Thread: GiST support for UUIDs

GiST support for UUIDs

From
Paul A Jungwirth
Date:
Hello,

I'm interested in adding GiST support for the UUID column type from
the uuid-ossp extension. This has been requested and attempted before:
   http://dba.stackexchange.com/questions/83604/optimizing-postgres-row-overlap-constraints-involving-uuids-and-gist
http://www.postgresql.org/message-id/flat/CAH3i69njJ9AX1fzHwt6uoUzCMBqnaDBwhmAPhRQzzLWifb2WOA@mail.gmail.com#CAH3i69njJ9AX1fzHwt6uoUzCMBqnaDBwhmAPhRQzzLWifb2WOA@mail.gmail.com

I've used Postgres for a long time, but I've only dabbled a bit in the
source code. So I'm curious where this change would go? The btree_gist
extension? The uuid-ossp extension? Somewhere else?

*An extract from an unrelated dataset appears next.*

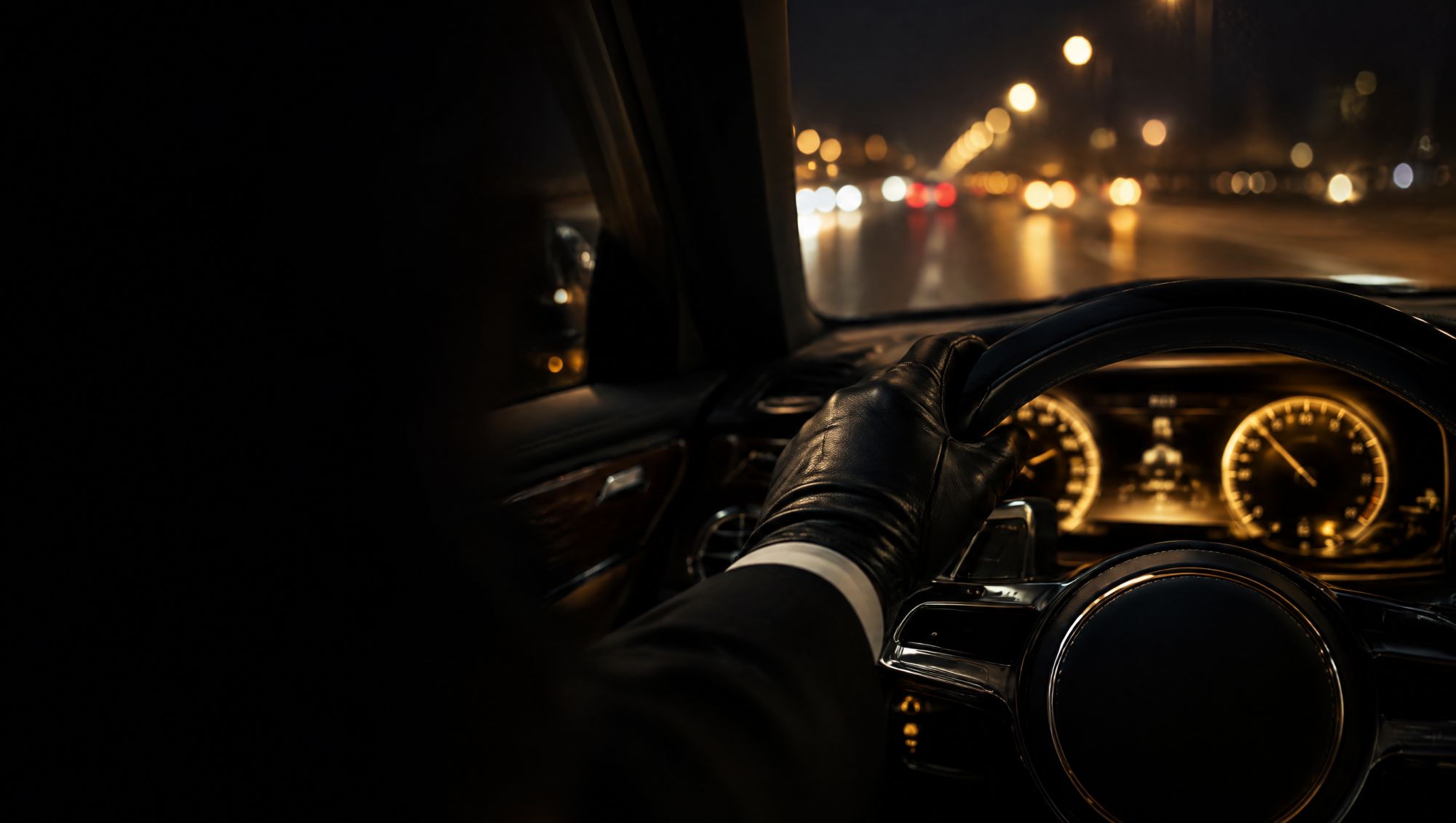 Chauffeur's gloved hand on the steering wheel at night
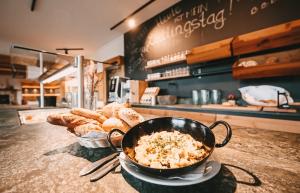 a bowl of food on a counter with a bowl of bread at Posers Bergwelt B&B in Schladming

If anyone has any advice I'd be grateful to hear it.

Thanks,
Paul



Re: GiST support for UUIDs

From
Tom Lane
Date:
Paul A Jungwirth <pj@illuminatedcomputing.com> writes:
> I'm interested in adding GiST support for the UUID column type from
> the uuid-ossp extension. This has been requested and attempted before:
> I've used Postgres for a long time, but I've only dabbled a bit in the
> source code. So I'm curious where this change would go? The btree_gist
> extension? The uuid-ossp extension? Somewhere else?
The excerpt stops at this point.